The last revelation of the day came during my culture and society class, when the teacher started talking about “June brides.” It is such a common notion that it gets katakanacized into Japanese. Here’s the thing: June is a terrible time for a wedding in Japan. The old name for June (that isn’t just “sixth month”) is “month full of water.” Because June is the rainy month. But, even though people don’t actually want to get married in June, the notion of “June bride” continues. Because, as with Valentine’s Day, it’s a part of American life that Japanese people see in movie and TVs.

One thing that an absurdly high number of Japanese couples do do for their wedding ceremonies is celebrate it in a church. This number is so absurd because for the most part, neither party is Christian. In well over 90% of weddings, no one is Christian. But they’ll celebrate it in a church and wear a puffy white dress and have a traditional American wedding. Or at least what they think a traditional American wedding looks like. And of course the wedding industry is encouraging this whenever they can.
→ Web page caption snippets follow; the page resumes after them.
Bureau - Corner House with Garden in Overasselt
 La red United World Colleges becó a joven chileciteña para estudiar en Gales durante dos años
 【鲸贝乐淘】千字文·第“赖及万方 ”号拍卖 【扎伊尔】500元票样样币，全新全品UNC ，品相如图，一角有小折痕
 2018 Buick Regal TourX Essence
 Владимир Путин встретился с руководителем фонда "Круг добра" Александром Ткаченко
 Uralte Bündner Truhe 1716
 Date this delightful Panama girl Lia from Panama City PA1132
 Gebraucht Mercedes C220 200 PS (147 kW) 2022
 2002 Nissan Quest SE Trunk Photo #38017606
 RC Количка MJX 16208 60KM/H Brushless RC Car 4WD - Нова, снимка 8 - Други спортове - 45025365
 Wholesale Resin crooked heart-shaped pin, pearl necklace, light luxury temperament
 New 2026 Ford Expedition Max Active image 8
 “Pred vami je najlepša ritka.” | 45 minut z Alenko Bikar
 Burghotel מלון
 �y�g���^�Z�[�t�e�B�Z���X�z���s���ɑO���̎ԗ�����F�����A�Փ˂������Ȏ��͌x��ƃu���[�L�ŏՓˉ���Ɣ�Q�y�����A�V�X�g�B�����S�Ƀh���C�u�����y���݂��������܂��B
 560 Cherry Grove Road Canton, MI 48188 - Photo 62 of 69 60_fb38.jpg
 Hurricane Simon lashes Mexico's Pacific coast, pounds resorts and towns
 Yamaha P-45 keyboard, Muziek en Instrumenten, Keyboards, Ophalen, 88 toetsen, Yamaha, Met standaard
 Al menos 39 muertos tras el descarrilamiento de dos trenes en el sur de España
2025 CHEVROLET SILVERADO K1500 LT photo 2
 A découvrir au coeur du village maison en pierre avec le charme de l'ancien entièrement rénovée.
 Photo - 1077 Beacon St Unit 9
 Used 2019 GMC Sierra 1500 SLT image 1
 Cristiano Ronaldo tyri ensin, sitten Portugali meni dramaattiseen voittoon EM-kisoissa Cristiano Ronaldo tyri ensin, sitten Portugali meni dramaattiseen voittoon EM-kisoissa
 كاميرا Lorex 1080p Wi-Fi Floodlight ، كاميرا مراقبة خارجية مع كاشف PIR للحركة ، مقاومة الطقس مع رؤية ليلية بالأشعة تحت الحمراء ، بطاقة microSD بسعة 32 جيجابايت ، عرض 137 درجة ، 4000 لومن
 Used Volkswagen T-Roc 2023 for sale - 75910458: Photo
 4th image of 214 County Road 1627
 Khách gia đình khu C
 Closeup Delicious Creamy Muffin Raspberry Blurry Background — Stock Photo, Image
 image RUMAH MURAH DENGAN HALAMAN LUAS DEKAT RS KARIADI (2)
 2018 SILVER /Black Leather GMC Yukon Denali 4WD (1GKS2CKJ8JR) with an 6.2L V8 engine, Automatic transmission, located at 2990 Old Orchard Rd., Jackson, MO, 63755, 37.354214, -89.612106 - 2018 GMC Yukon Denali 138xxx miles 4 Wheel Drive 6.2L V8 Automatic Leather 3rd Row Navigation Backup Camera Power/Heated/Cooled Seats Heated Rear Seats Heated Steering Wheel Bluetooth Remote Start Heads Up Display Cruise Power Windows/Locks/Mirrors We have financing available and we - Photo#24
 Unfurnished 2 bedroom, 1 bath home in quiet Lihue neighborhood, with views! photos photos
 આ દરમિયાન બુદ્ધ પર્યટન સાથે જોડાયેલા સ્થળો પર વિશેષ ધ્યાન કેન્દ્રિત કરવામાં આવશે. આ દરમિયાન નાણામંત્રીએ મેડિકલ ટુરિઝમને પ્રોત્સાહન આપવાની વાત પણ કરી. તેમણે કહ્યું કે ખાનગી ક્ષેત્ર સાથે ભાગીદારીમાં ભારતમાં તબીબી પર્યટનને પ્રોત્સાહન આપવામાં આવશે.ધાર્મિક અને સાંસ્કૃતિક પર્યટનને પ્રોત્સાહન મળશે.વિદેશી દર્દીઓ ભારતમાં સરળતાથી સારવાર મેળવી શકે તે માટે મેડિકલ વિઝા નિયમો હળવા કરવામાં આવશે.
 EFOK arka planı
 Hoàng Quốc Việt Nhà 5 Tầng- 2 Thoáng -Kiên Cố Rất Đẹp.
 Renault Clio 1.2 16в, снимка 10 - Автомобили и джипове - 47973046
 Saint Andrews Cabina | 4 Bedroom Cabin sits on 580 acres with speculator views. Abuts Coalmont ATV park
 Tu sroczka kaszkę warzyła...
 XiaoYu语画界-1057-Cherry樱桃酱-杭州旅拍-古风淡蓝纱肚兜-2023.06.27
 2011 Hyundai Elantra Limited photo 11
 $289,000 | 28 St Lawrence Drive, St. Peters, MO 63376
There are a lot of strange experiences about being in a foreign country, adapting to a foreign culture. I think some of the most disconcerting come from seeing and coming to understand an outside perspective on the culture that you’ve lived in your entire life.

Growing up, I got to see not just the American movies and ads, but also the conversations that counterbalance them. On mother’s day, young children are taught to make crafts that their mothers will have to cherish because their own children made them instead of buying them flowers. Elaborate and public promposals may well be accompanied by a whispered conversation about how the only reason he’s asking so publicly is because he knows his would-be date will be too embarrassed to say no. By living in the United States, you get to see what happens after the wedding, however happy or unhappy that might be.

So it’s weird for me to hear about the Japanese interpretations of American traditions. The commercialization of love and romance is one of the things I dislike about American culture. But it’s spreading, and any meaning that could be taken from a religious ceremony is made negligible by not sharing the beliefs or traditions of the religion. And yet the number of Christian June Brides continues to grow.

If I could understand the reasoning behind everything I learned about Japan today, I feel like I’d be a lot closer to understanding Japanese culture and society.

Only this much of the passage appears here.